All lines below between the line with "BMW X1 2019 - WBXHT3C50K5N15091" and the line with "Retro Attorney Vintage", including both, must be copied exactly, and the pictures must be omitted.

• _RECORDS FOR THE EXERCISE_:
------------------------------

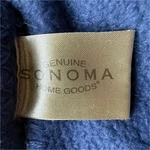 Sonoma Fine Goods Queen Blanket Rectangular Blue Solid Color Bedroom Adults. Fixed Price $15.00.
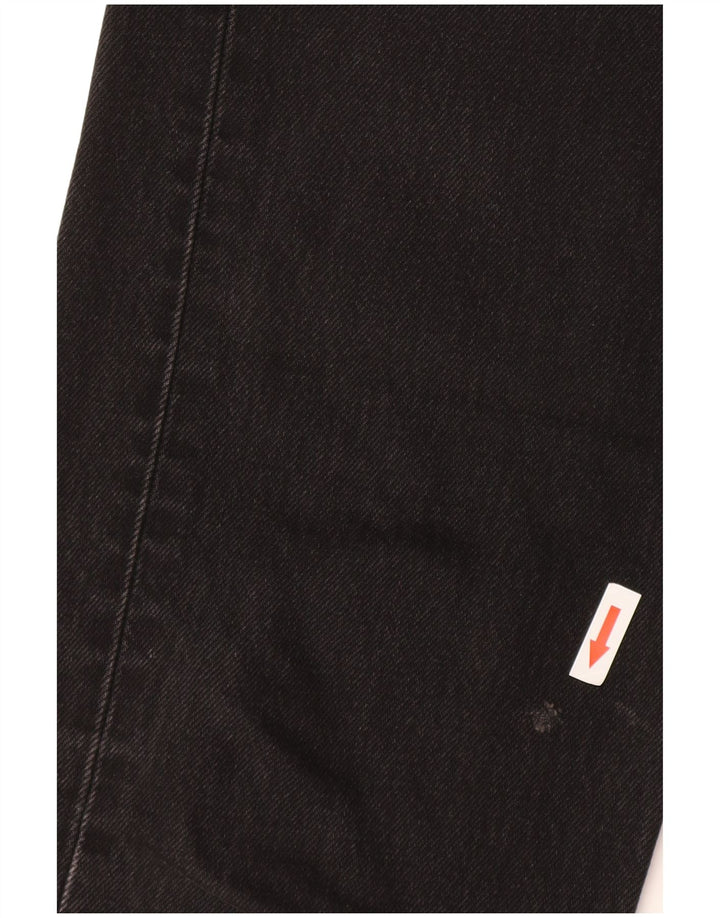 Jeans dritti Levi's 501 da donna W29 L28 cotone nero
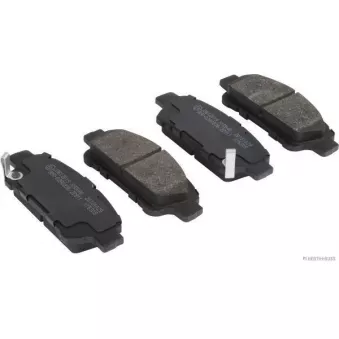 Jeu de 4 plaquettes de frein arrière HERTH+BUSS JAKOPARTS OEM 0446628080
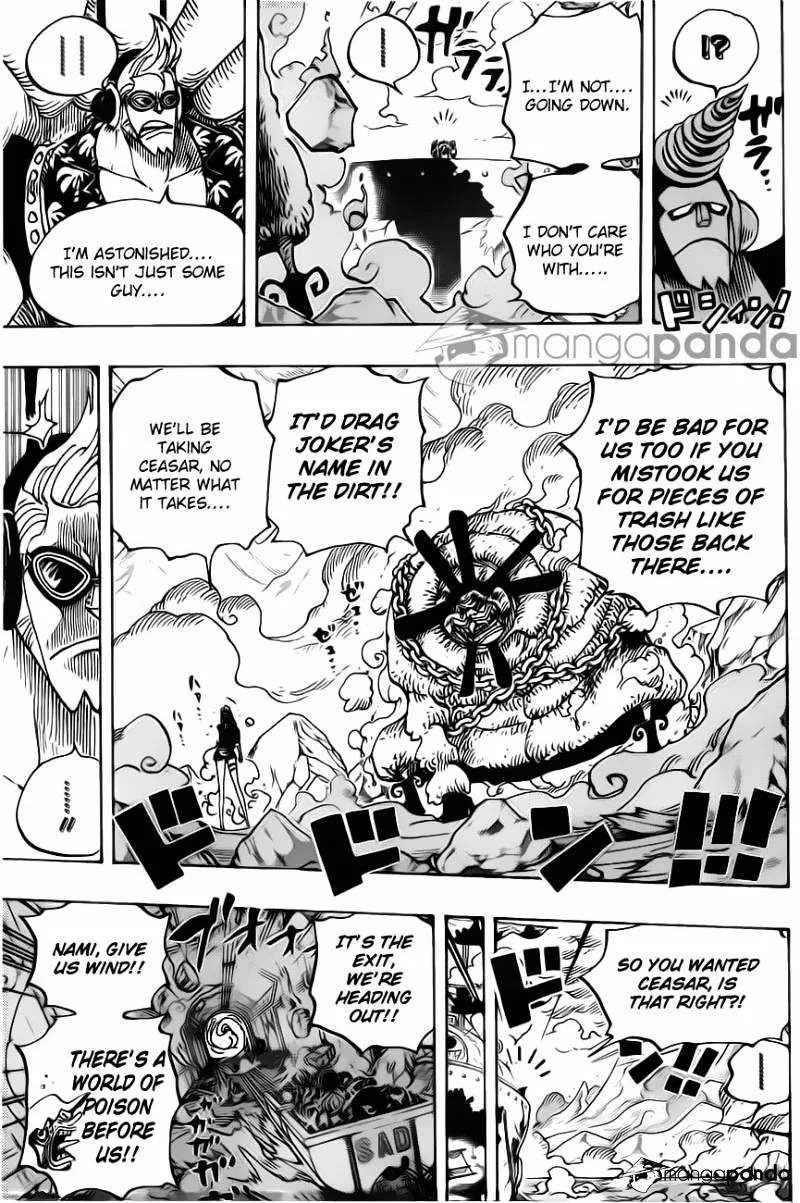 One Piece Chapter 695 page 8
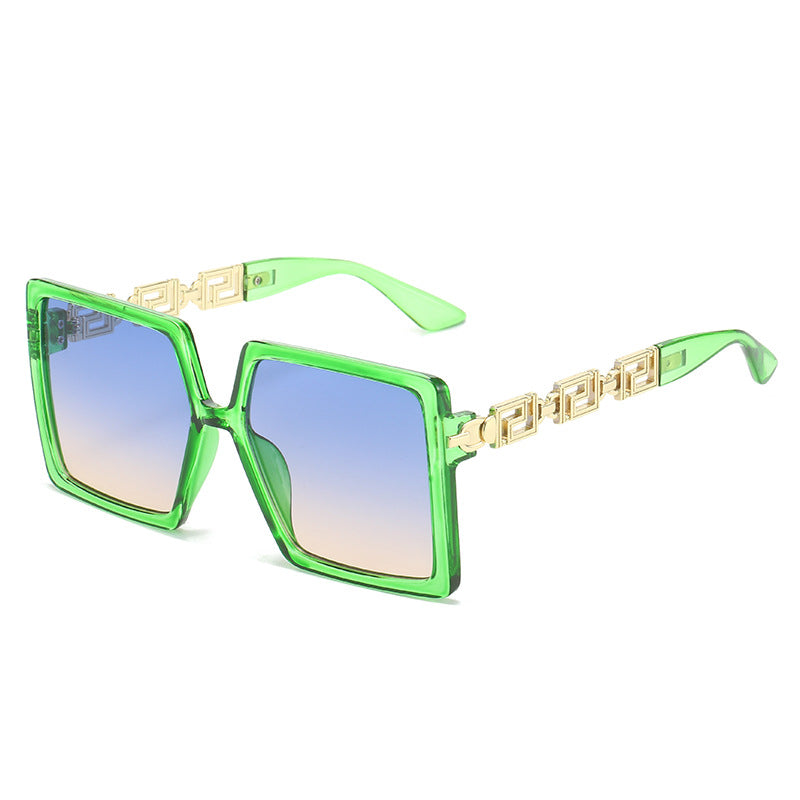 Damen quadratische Sonnenbrille mit luxuriösen Akzenten Brehn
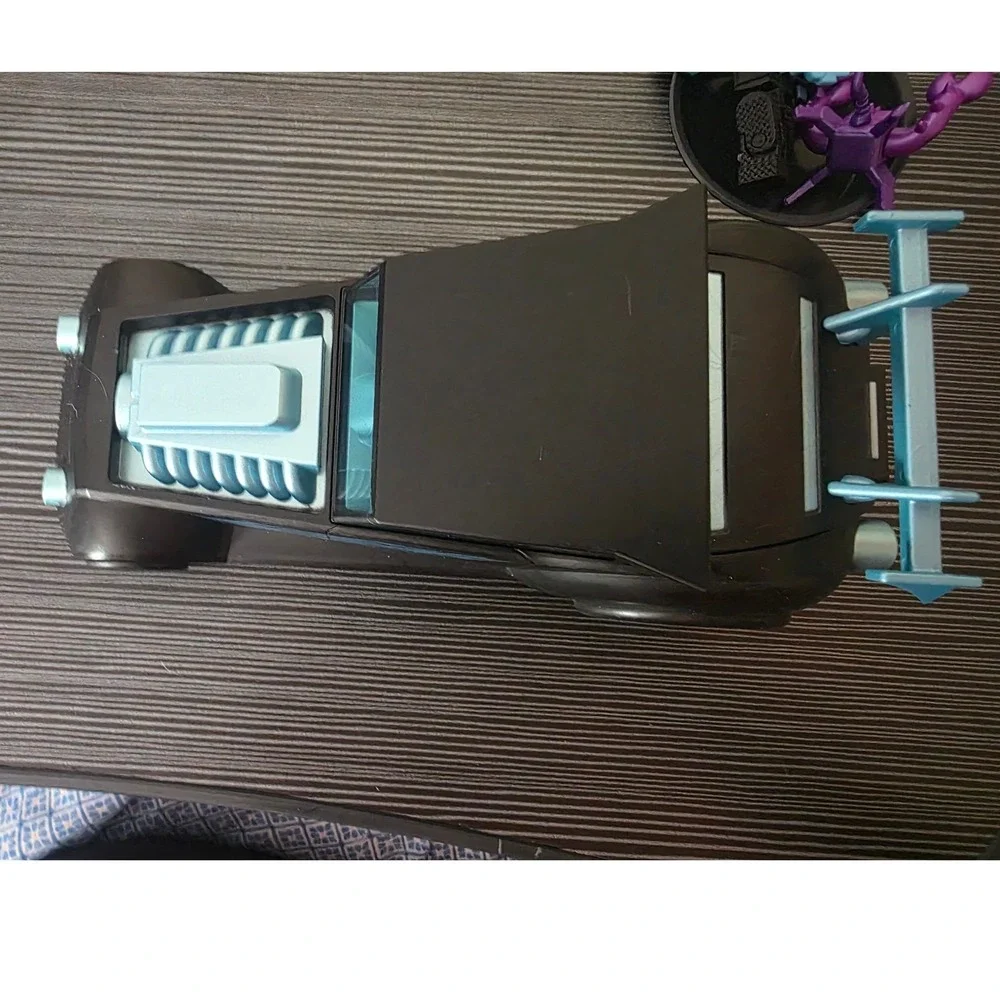 Roblox Jailbreak Celestial Car Vehicle Set with Winged Figure and Purple Monster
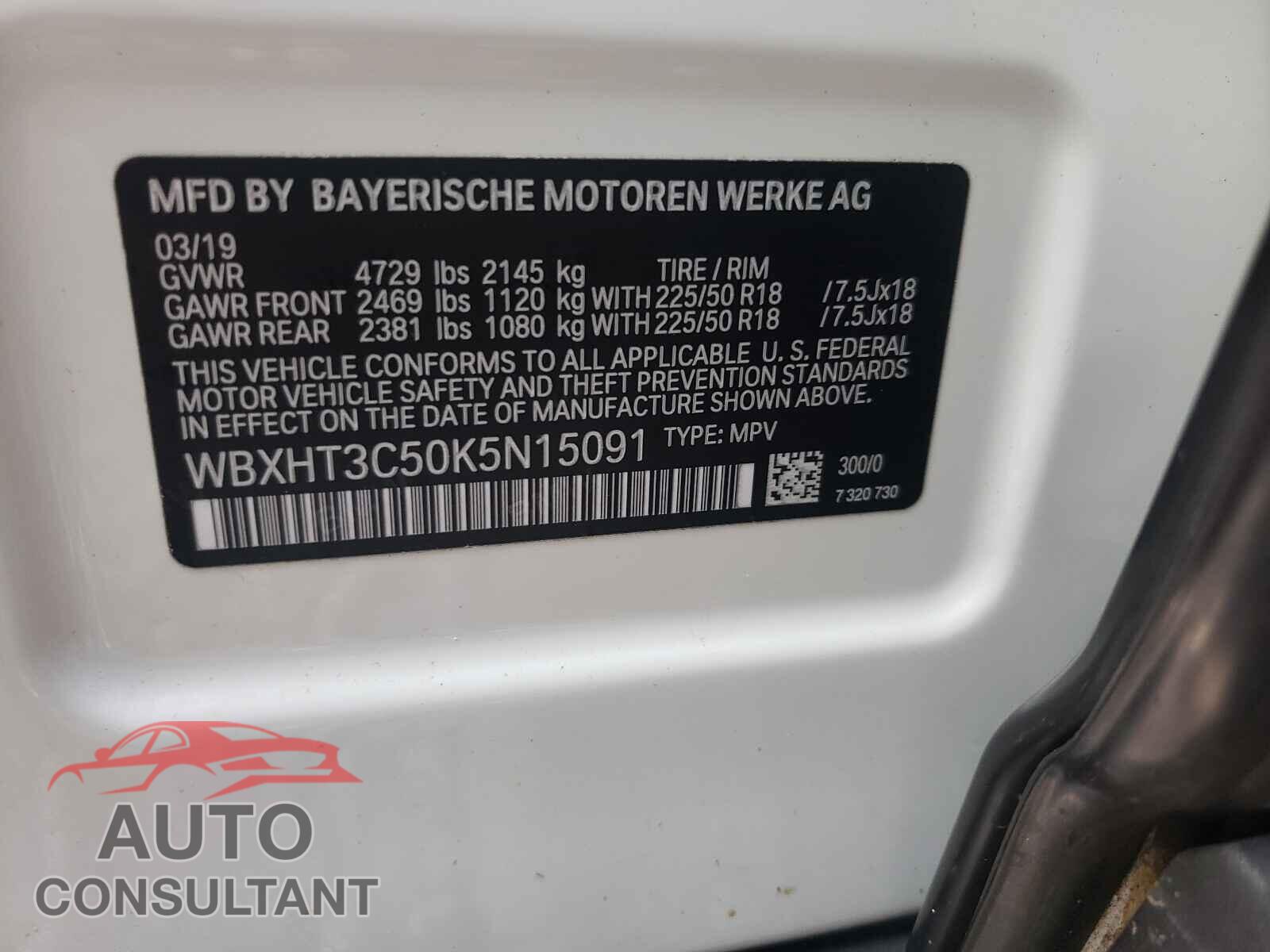 BMW X1 2019 - WBXHT3C50K5N15091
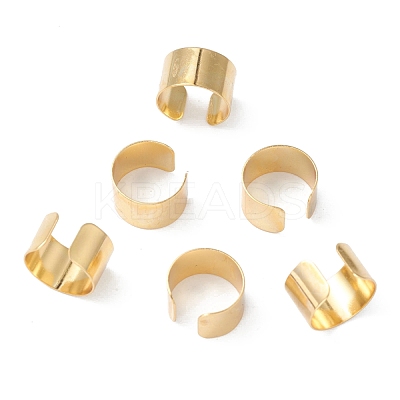 304 Stainless Steel Clip-on Earrings X-STAS-H152-02G-1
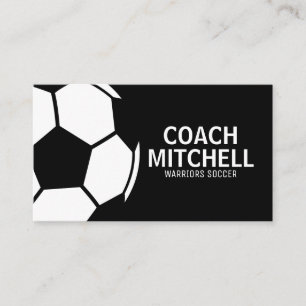 Soccer Pro Black Business Card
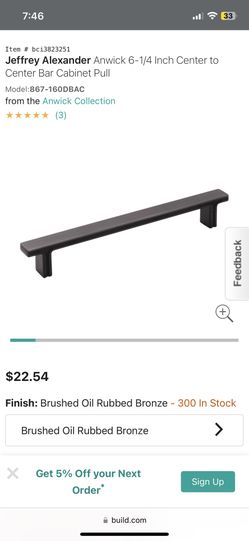 Cabinet Pulls/Knobs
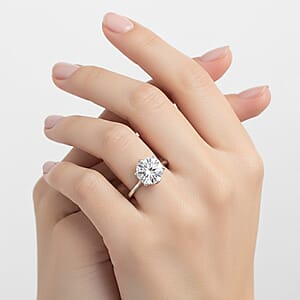 IGI Certified Luxuriant Lab Grown Diamond G-H SI 3.00 ctw Ring in Rhodium Over Sterling Silver (Size 7.0)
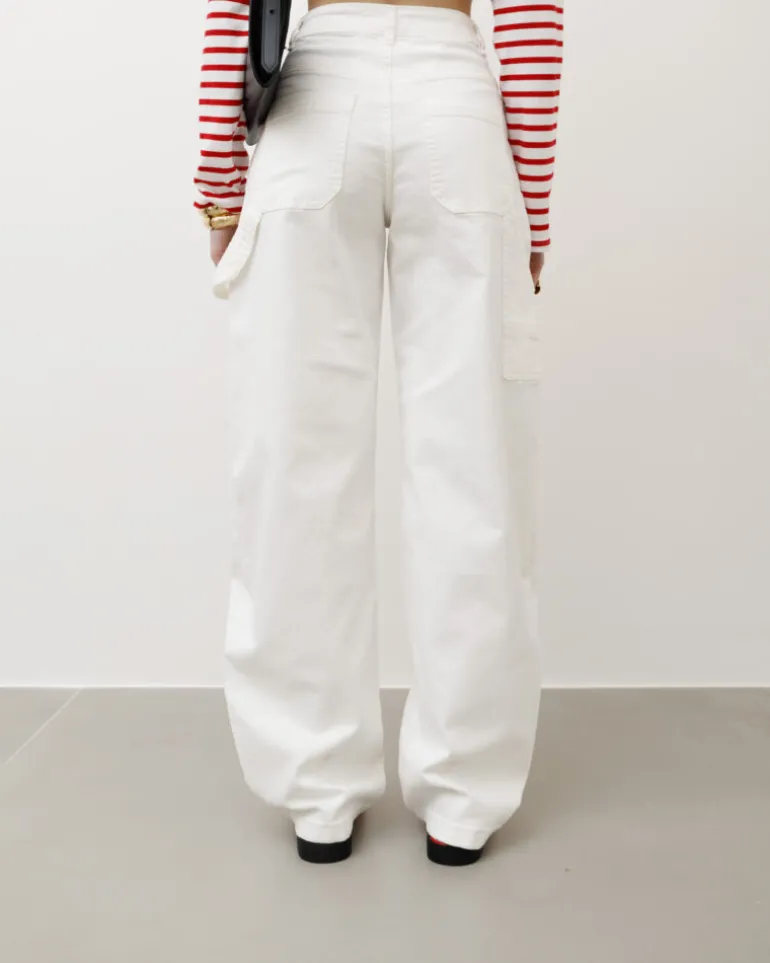 Jeans ballon bianco – 8676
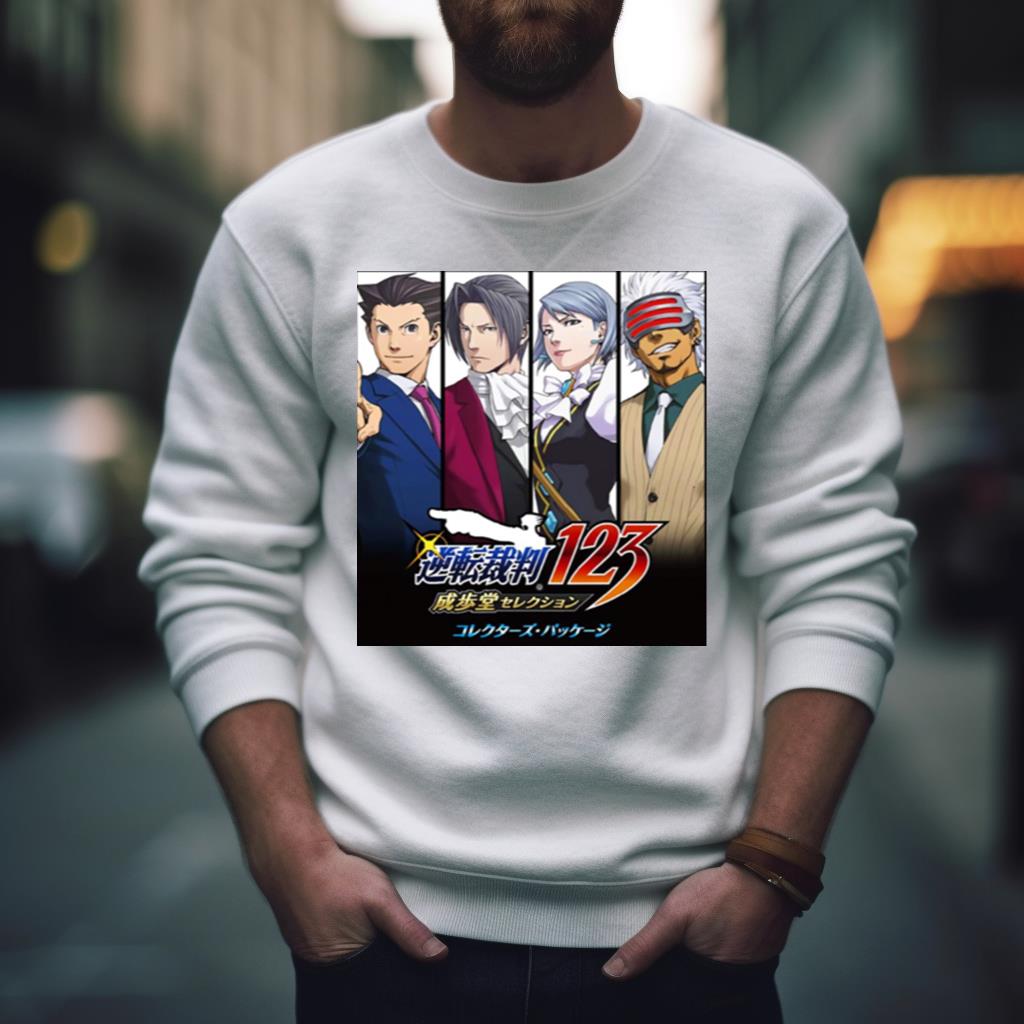 Retro Attorney Vintage Trilogy Miles Edgeworth Ace Shirt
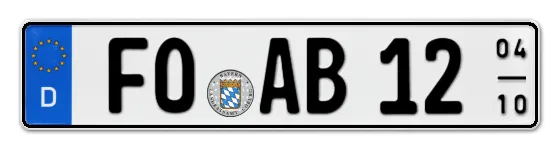 Saisonkennzeichen FOrchheim Saisonkennzeichen FO für FOrchheim online bestellen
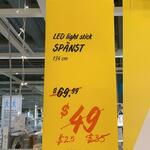[NSW] SPÄNST Multicolour LED Light Sticks - 134cm $25, 40cm $9.99 @ IKEA Rhodes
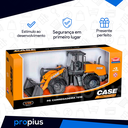 Ver imagem 7 de Trator Pá Carregadeira Mecânica Agrícola Enchedeira Infantil Concha Mini Miniatura Articulado Crian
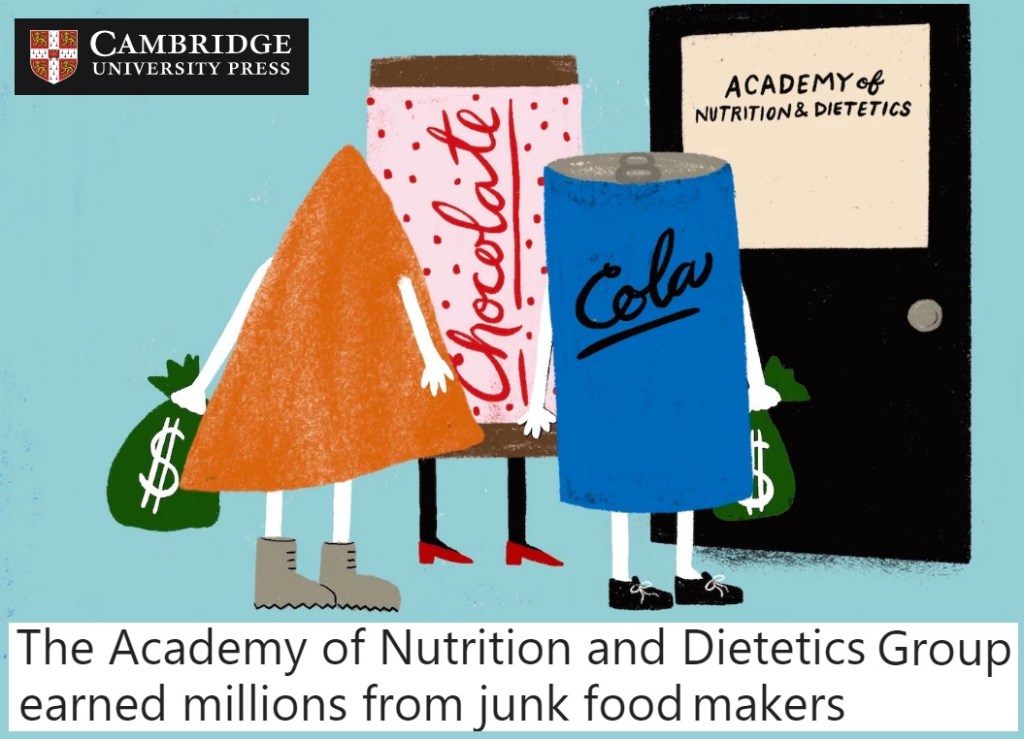 אקדמיה לתזונה 'Nutrition and Dietetics' מסובסדת ומושקעת בתעשיית המזון&nbsp;המעובד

------------------------------

• _SOLUTION_:
 BMW X1 2019 - WBXHT3C50K5N15091
 304 Stainless Steel Clip-on Earrings X-STAS-H152-02G-1
 Soccer Pro Black Business Card
 Cabinet Pulls/Knobs
 IGI Certified Luxuriant Lab Grown Diamond G-H SI 3.00 ctw Ring in Rhodium Over Sterling Silver (Size 7.0)
 Jeans ballon bianco – 8676
 Retro Attorney Vintage Trilogy Miles Edgeworth Ace Shirt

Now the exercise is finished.